SADECE ZOR ANLARDA ALLAH
SADECE ZOR ANLARDA ALLAH’A DUA EDİP,
RAHATA KAVUŞTUĞUNDA ALLAH’I UNUTANLAR
Kendisine bir şer (kötülük) dokunduğu zaman
feryadı basar. Ona bir hayır dokunduğunda engelleyici olur (veya cimrilik eder).
(Mearic Suresi, 20-21)
Nimet olarak size ulaşan
ne varsa, Allah’tandır, sonra size bir zarar dokunduğunda (yine) ancak O’na
yalvarmaktasınız. Sonra sizden zararı kaldırdığında, sizden bir grup (hemen)
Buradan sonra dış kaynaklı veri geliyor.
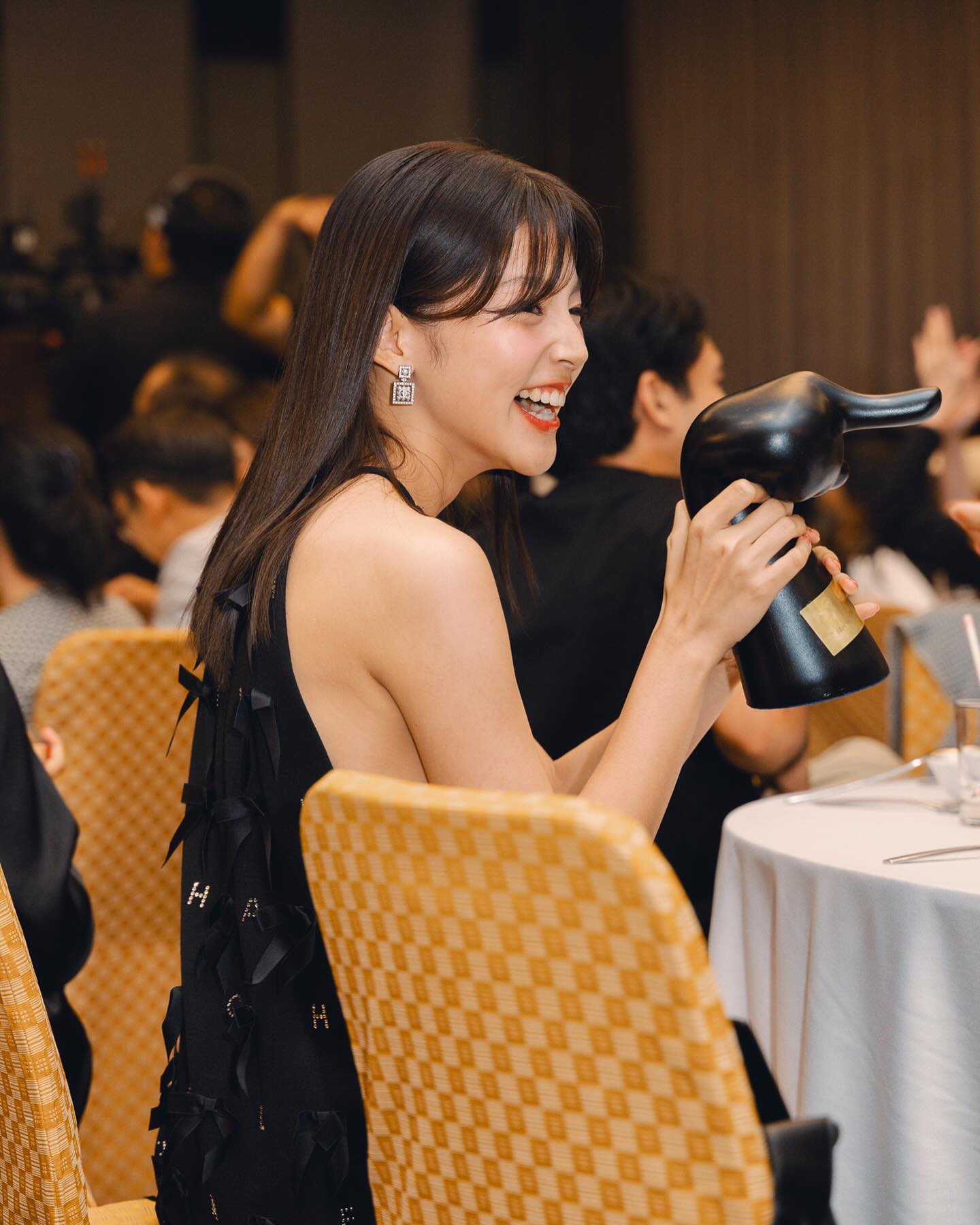 ใบปอ - ธิติยา จิระพรศิลป์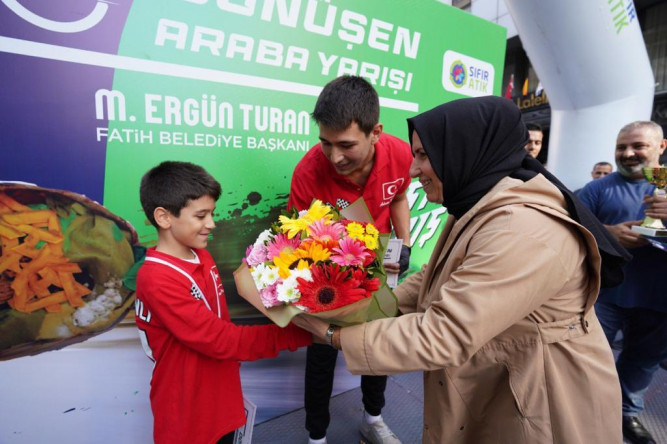 Dönüşen Araba Yarışı'nda Ödüller Sahiplerini Buldu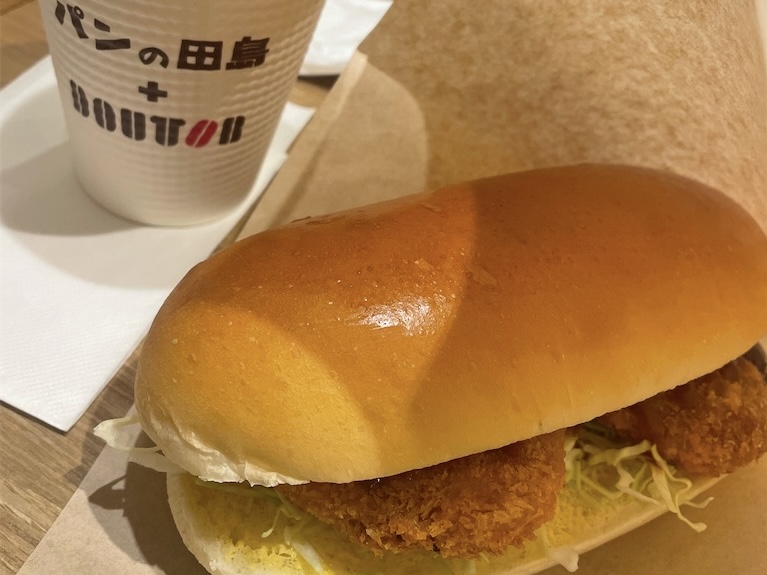 コッペ田嶋の北海道ポテトのコロッケパンとドリンク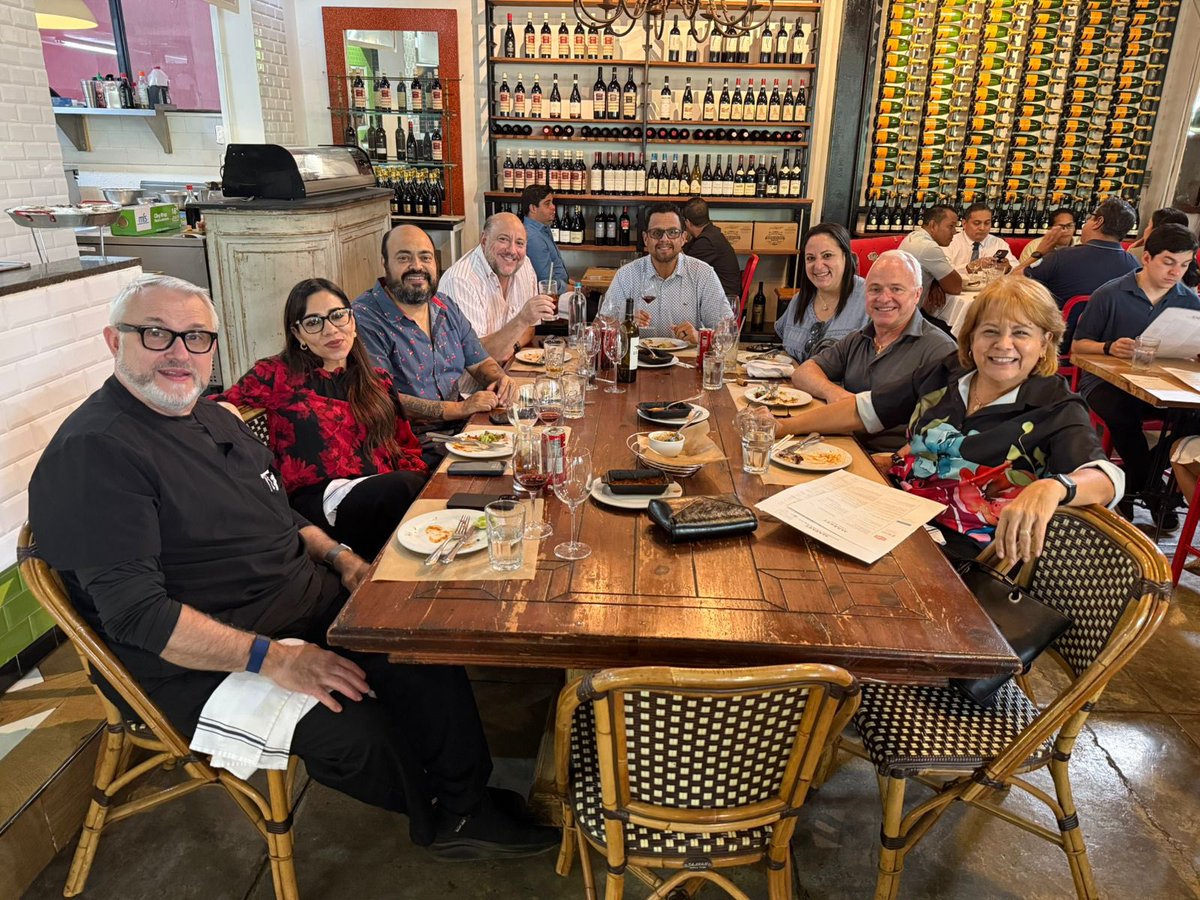 Asamblea general de fotines… 

<a href="/drpichel/">DRPichel</a> <a href="/florciampoli/">Flor⚡️♥️🇵🇦</a> <a href="/AguantePollo/">Arturo Illueca</a> <a href="/alessiogronchi/">Alessio Gronchi B.</a> <a href="/MariviJaen/">Mariví ¡♡!</a> <a href="/Nanopty/">NanoPty</a>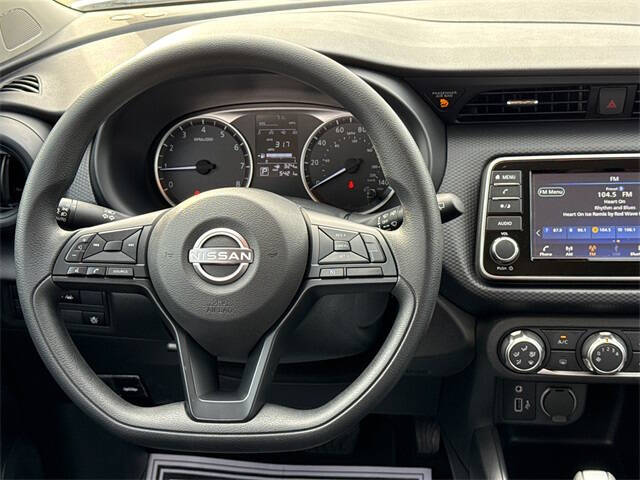 2025 Nissan Kicks Play S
Rablerine şirk koşar; (Nahl Suresi, 53-54)
İnsana bir zarar dokunduğu zaman, bize dua eder;
sonra tarafımızdan ona bir nimet ihsan ettiğimizde, der ki: “Bu, bana ancak bir
bilgi(m) dolayısıyla verildi.” Hayır; bu bir fitne (kendisini bir deneme)dir.
Ancak çoğu bilmiyorlar. (Zümer Suresi, 49)
De ki: “Sizi karanın ve denizin karanlıklarından
kim kurtarmaktadır ki, siz (açıktan ve) gizliden gizliye ona yalvararak dua
etmektesiniz: -Andolsun, bizi bundan kurtarırsan, gerçekten şükredenlerden
oluruz.” De ki: “Ondan ve her türlü sıkıntıdan sizi Allah kurtarmaktadır. Sonra
siz yine şirk koşmaktasınız.” (En’am Suresi, 63-64)
İnsana bir zarar dokunduğu zaman, gönülden
katıksızca yönelmiş olarak Rabbine dua eder. Sonra ona kendinden bir nimet
verdiği zaman, daha önce O’na dua ettiğini unutur ve O’nun yolundan saptırmak
amacıyla Allah’a eşler koşmaya başlar. De ki: “İnkârınla biraz (dünya
zevklerinden) yararlan; çünkü sen, ateşin halkındansın.” (Zümer Suresi, 8)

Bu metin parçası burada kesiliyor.